## WHAT IS NEEDED
Repeat every entry word for word, but leave the images out of your copy.
★ ★ ★
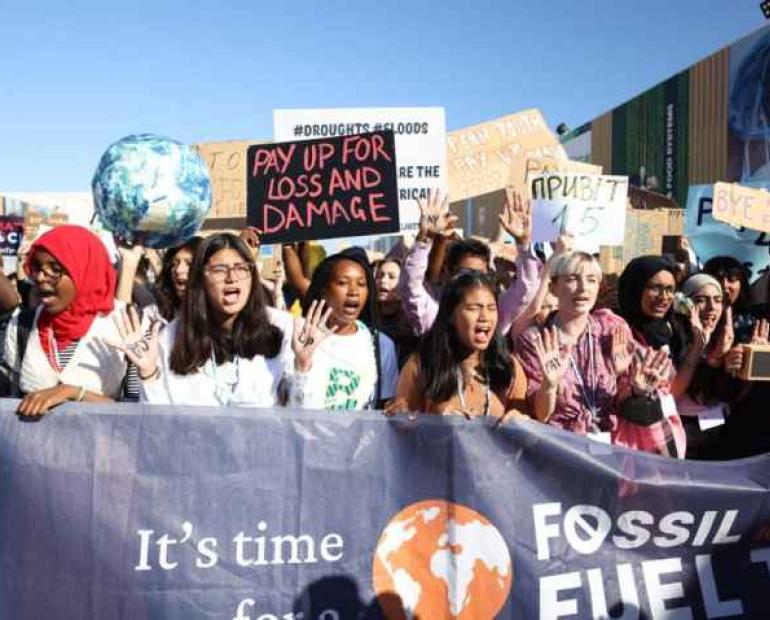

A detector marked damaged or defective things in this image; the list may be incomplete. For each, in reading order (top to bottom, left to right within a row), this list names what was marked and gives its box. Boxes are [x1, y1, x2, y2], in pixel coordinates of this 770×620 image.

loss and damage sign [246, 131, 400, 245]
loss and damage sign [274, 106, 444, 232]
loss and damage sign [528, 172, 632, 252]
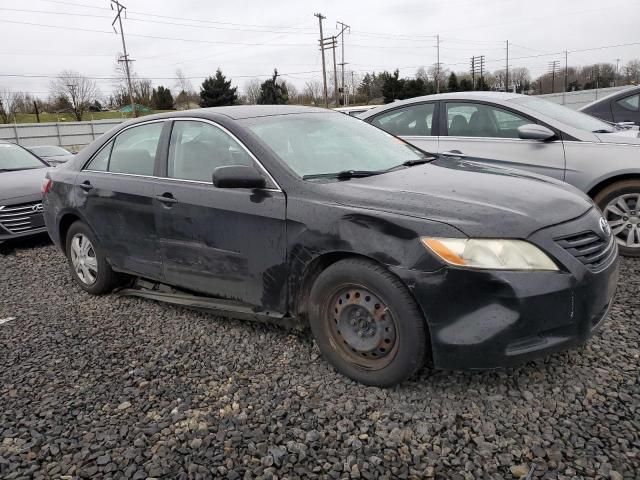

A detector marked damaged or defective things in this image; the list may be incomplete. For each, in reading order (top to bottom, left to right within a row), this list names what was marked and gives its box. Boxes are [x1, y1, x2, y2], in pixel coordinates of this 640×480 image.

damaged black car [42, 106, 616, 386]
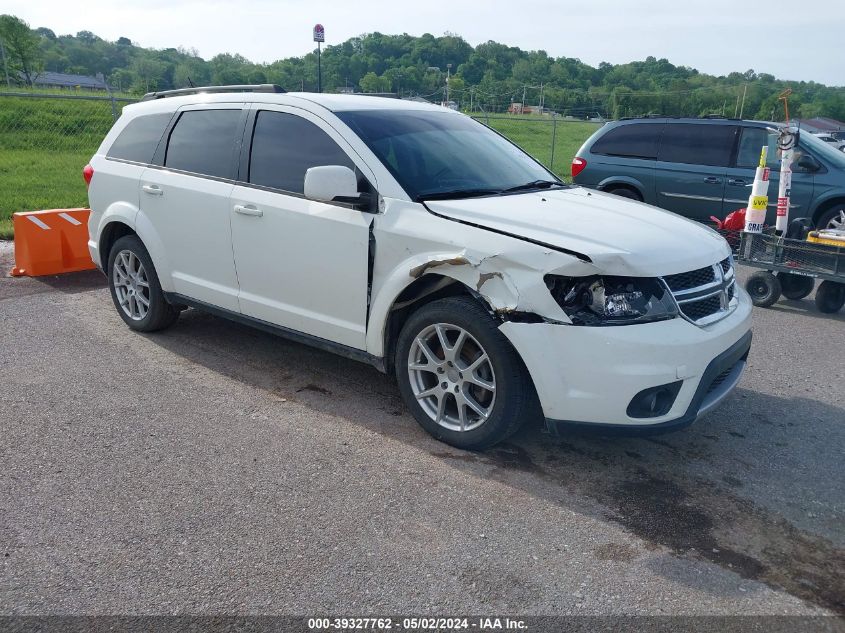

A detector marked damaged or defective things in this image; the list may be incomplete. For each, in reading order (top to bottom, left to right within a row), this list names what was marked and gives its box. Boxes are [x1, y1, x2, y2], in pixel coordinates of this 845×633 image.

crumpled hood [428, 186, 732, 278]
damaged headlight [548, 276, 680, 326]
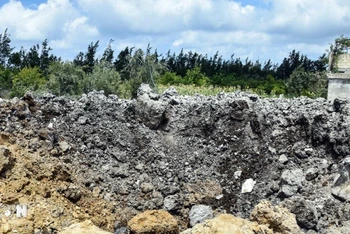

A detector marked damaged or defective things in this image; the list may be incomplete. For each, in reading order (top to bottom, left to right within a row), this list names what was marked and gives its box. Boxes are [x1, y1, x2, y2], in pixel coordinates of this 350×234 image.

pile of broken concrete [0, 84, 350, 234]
★ ★ ★
## EXPECTED OUTPUT
A detector marked damaged or defective things in this image; the list may be incomplete. For each, in reading order (top to bottom, left to right within a row), this list names what was marked and gives its box. Boxes are [x1, y1, x2, y2], in pixel coordinates of this 770×620 image.

loss and damage sign [246, 131, 400, 245]
loss and damage sign [274, 106, 444, 232]
loss and damage sign [528, 172, 632, 252]

A detector marked damaged or defective things in this image; the list may be incomplete. For each, in reading order (top to bottom, left to right within a row), this list names what was marked and gives its box. Boxes are [x1, y1, x2, y2], in pixel coordinates of this 640×480 image.

damaged black car [42, 106, 616, 386]

A detector marked damaged or defective things in this image; the list may be incomplete. For each, in reading order (top to bottom, left to right within a row), this list names what was marked and gives its box. Boxes are [x1, y1, x2, y2], in pixel coordinates of this 845×633 image.

crumpled hood [428, 186, 732, 278]
damaged headlight [548, 276, 680, 326]

A detector marked damaged or defective things in this image; the list may be incomplete. For each, in reading order (top to bottom, left to right within a row), this list names what was marked and gives its box. Boxes are [x1, y1, x2, y2], in pixel coordinates of this 350×234 image.

pile of broken concrete [0, 84, 350, 234]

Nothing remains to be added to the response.